Our worst disappointment was walking a fair distance along the riverside to find restaurants recommended by the owner of the very spacious apartment we stayed in. There are a row of them with terraces on the river bank - the perfect place to eat on a hot night, except for the smokers. We really can't handle people smoking around us when we're eating, and there are so many smokers you can't get away from them. We finish up at the only restaurant that has an inside area, which has a rather mundane menu. Just as we are thinking it might be safe to at least finish our drinks outside, people at the table next to the one we have our eye on light up a hookah!

We buy Peter his second hat of this trip, as he leaves the nice straw number we bought in Vienna in the luggage rack of the train from Budapest, and it goes on to Prague and Hamburg without him. The new one is camouflage material, and he hates it, but at least he's avoiding sunstroke. It's as hot in Bratislava as it was in Budapest. After two nights we board the train for Prague hoping for cooler weather.

02 July 2019

Budapest Part 3 - other amusements including market and music

Another plus for our accommodation is that it is across the road from the market, which we visit twice.

It's a huge undercover market on three levels (Aldi in the basement). At ground level the stalls are grouped by type, veg here, sausage there, etc. Most of the area is full height to a glass roof, but there are galleries all round with four crossing the hall. Here there is one area of cheap takeaway food, and the rest is non-perishables, mostly of the souvenir variety. One wonders if there are enough people on the planet to buy all the "I love Budapest" t-shirts and embroidered tablecloths, not to mention vests, shirts and skirts. Then there are the matryoshka dolls, jigsaws and Rubik's cubes (he was a Hungarian).  What they don't have is men's bathers, which we need because Peter failed to pack same and they are needed for the baths. Eventually we find a cheap pair ($15) in a souvenir shop in the Vaci (pedestrian street nearby), after P has refused to pay about $75 for a Tommy Hilfiger pair, or half that for a pair in an Adidas sale.

We return to the market next morning to buy me cheap sunglasses to replace a broken pair and to take in one of the free concerts that are on at odd times and odd places in the summer in Budapest.

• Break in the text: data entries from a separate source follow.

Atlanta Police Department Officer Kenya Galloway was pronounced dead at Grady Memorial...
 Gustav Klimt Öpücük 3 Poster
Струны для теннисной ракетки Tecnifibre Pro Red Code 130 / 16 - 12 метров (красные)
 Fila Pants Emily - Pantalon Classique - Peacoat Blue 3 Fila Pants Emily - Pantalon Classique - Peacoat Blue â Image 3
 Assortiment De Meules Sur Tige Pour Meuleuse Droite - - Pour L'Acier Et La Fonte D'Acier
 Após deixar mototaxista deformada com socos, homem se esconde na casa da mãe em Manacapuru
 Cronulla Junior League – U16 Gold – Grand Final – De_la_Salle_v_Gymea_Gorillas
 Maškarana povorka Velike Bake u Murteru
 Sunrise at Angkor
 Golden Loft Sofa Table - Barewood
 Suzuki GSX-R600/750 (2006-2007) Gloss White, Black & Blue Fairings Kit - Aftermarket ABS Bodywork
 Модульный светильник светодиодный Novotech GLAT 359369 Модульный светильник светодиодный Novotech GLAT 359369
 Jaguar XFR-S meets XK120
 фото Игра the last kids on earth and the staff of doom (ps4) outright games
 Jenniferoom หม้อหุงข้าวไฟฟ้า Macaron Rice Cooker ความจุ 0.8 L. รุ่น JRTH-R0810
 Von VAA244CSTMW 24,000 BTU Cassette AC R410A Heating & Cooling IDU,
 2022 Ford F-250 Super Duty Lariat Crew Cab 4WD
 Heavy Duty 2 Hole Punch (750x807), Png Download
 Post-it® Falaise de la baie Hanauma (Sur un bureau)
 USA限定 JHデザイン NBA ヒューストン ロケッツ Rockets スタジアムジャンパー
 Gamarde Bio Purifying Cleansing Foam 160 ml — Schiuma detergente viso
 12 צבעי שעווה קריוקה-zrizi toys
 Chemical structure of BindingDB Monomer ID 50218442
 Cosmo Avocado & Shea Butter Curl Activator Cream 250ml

In the market we listen to a terrific gypsy band - two violins, double bass and cimbalom. First violin and cimbalom player were both virtuoso standard. Note that even gypsy bands no longer wear embroidered vests - these guys were in shirts and slacks, turning off their mobiles before starting to play.

The second concert was in the open air in the afternoon on Margaret Island - the extremely unusual combination of soprano sax and string quartet. String quartet was good, all female. Sax player does the arranging of classical pieces for the combo and again was virtuoso standard, the arrangements are showpieces for him.

Third concert was on the steps of St Stephen's Basilica - three percussion players playing assorted chimes/xylophone type instruments, plus a solo flute. Virtuoso playing again by all four, with the percussionists looking like they were having fun as well.

In all the cities there are concerts everywhere that are classical pot pourri (or is that pop pourri?). In Vienna it's all Strauss and Mozart. In Budapest and Prague it's some or all of Pachelbel's Canon, Vivaldi's Four Seasons, Eine Kleine Nachtmusik, Brahm's Hungarian Dances, Ave Maria (either Gounod or Schubert) - you get the idea. We avoid them in Vienna, but relent in Budapest because the program has only one Vivaldi season and an Ave Maria, and the other bits and pieces are less hackneyed, and because it's in St Stephen's which is a very grand church. The small string group play beautifully, but the soprano who sings a couple of numbers struggles with the acoustic, which has a serious echo. Before the concert we go into the church to find a mass in progress in English with African music. Who would have thought it?